Uma pesquisa mais ou menos recente do “Reuters Institute” apontou que apenas 28% dos brasileiros se interessam por fatos, enquanto mais de 60% se nutrem apenas de opinião. A depender da metodologia utilizada na pesquisa, o cenário pode ser pior; talvez o brasileiro sequer perceba a diferença entre fato e opinião, comprometendo sua resposta. Não estranha que, no Brasil, o jornalismo de opinião seja o queridinho: ao leitor, é mais sedutor, exige diálogo apenas com o subjetivismo de quem opina, ficando de fora da relação a complexidade do mundo; aos veículos de comunicação, é mais barato, não exige apuração, checagem, nada.
O filme “Ela disse”, que ficou em cartaz por muito tempo nos cinemas brasileiros, mostra a saga de duas jornalistas do New York Times atrás da história de assédio de um diretor da Miramax nos anos 1990. Ali é possível entender bem a dificuldade de se produzir jornalismo factual: corre-se atrás da história, ouvem-se fontes, descartam-se umas, demora-se na apuração de outras, viaja-se, há resistências, desistências, hesitações. Quem tem tempo e dinheiro para isso hoje em dia?
Um amigo jornalista me confidenciou que, após ter passado meses apurando uma história, quando estava para fechar seu texto, um colega publicou uma coluna de opinião sobre o mesmo tema e a chefia o fez desistir de sua longa apuração, entendendo que o assunto estava esgotado. Se a opinião já satisfizer plenamente o público, ninguém se aprofundará; se ninguém se aprofundar, a opinião satisfará plenamente o público. O velho e sempre novo dilema de Tostines, aliado a ser a opinião rápida e barata, faz com que hoje em dia apenas se produza e consuma opinião. A consequência é não ser mais sentida a falta dos fatos.
O estado de putrefação do jornalismo é tão avançado que as pessoas não mais acreditam de imediato nos fatos relatados por um jornalista, fazendo-se necessário que um especialista, influenciador, ou agência de checagem os referende, como a dizer: “pode consumir, eu atesto”. Ora, esse “atesto” é nada mais do que alguém opinar, ainda que tecnicamente, sobre os fatos, dizendo-os adequados ou não para o consumo. Tudo no jornalismo se transformou em opinião, inclusive os fatos.

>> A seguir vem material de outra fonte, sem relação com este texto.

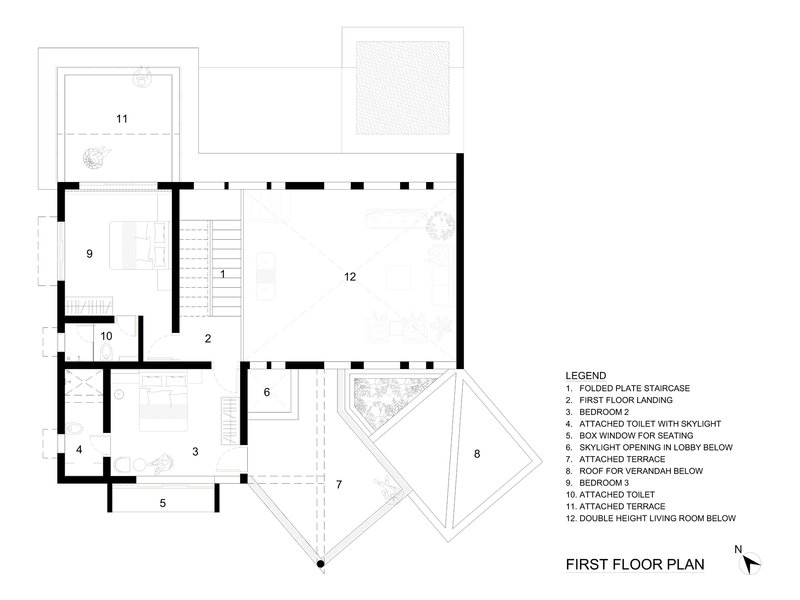 First floor plan drawing showing a central double-height living room with adjacent bedrooms and angular terrace extensions
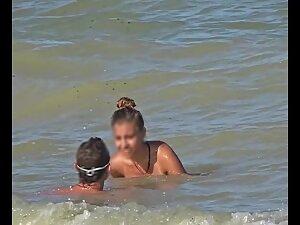 Topless alt girl looks very erotic when she plays on the beach Picture 2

Não à toa, a sociedade moderna tem perdido sua guerra contra as chamadas “Fake News”. Não há como ganhá-la; nenhum lugar em nosso mundo é seguro mais para os fatos. Como escreve Borges, não há mais porta quando só há dentro.
Se, no nosso país, as pessoas consomem apenas opinião e, mesmo as que preferem fatos, acabam por consumi-los após o filtro da opinião de alguém, o jornalismo morreu, transformou-se em uma espécie de ficção. Curiosamente e, por mais paradoxal que seja, a ficção possa ser abrigo aos que desejam garimpar fatos. Inegável que um Dostoievsky, Kafka ou Machado de Assis, muito mais do que entreter, trazem em sua escrita toda a complexidade dos fatos pertencentes ao mundo em que viveram e que, nos nossos tempos, já não confiamos mais ver nas páginas dos jornais.